I have purchase data that seems to be close to lognormal, but on the log scale it has some skewness (I’m assuming this is whats referred to as a log skew normal distribution but I could be wrong here)
I’m try to fit a model to the data that models the expected revenue per purchase and the expected total revenue of the dataset, but It doesn’t seem to be fitting to the data well / returning the proper parameters. Is there a better way to fit this model?

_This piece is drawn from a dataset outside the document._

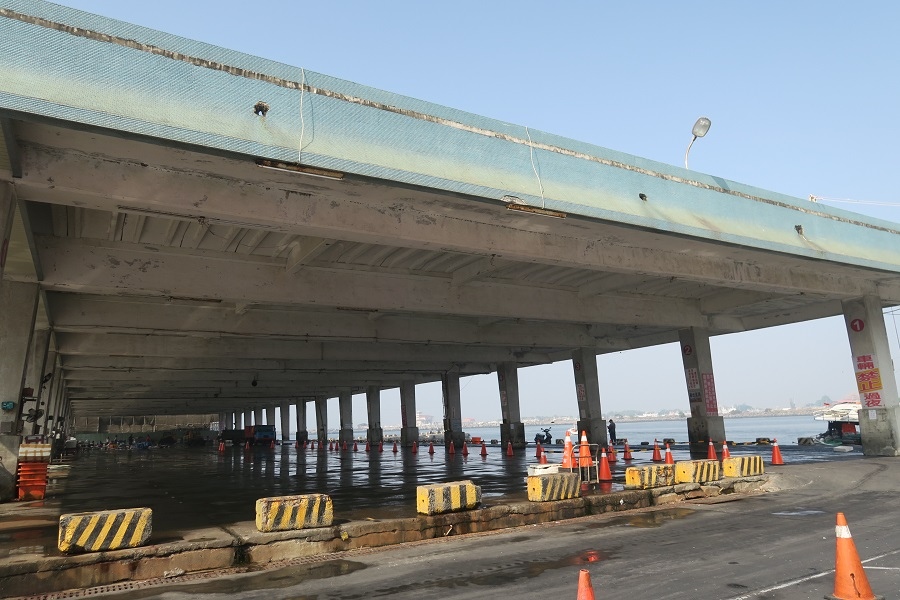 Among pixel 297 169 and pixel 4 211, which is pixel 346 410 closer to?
pixel 4 211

Also I think the expectation is wrong since I’m basing it on the expectation of a lognormal distribution - how would I improve it (the variable RevA, total_revA)?
import pandas as pd
import numpy as np
import scipy.stats as scs
import pymc3 as pm
import arviz as az
alpha, loc, scale = 1.5, 4.8, 1.013
d_log_scale = scs.skewnorm(alpha, loc=loc, scale=scale).rvs(1000)
d = np.exp( d_log_scale )
print( d_log_scale.mean(), d_log_scale.std() )
with pm.Model() as model:
alpha_theta_a = pm.Normal('alpha_theta_a', 1, 1)
sig_theta_a = pm.Exponential('sig_theta_a', 1)
mu_theta_a = pm.Normal('mu_theta_a', 2, 2)
theta_a = pm.SkewNormal('theta_a', mu=mu_theta_a, sigma=sig_theta_a, alpha=alpha_theta_a)
sig_a = pm.Exponential('sig_a', 1)
Ra = pm.Lognormal('Ra', theta_a, sig_a, observed=d)
RevA = pm.Deterministic('Revenue', np.exp(theta_a + 0.5*sig_a**2))
total_revA = pm.Deterministic('total_revenue', RevA * len(d))
# sampling
prior = pm.sample_prior_predictive()
trace = pm.sample(1000, tune=1000)
posterior_predictive = pm.sample_posterior_predictive(trace)
# Save results to xarray object
data = az.from_pymc3(
trace=trace,
prior=prior,
posterior_predictive=posterior_predictive,
model=model
)
pm.summary(data.posterior)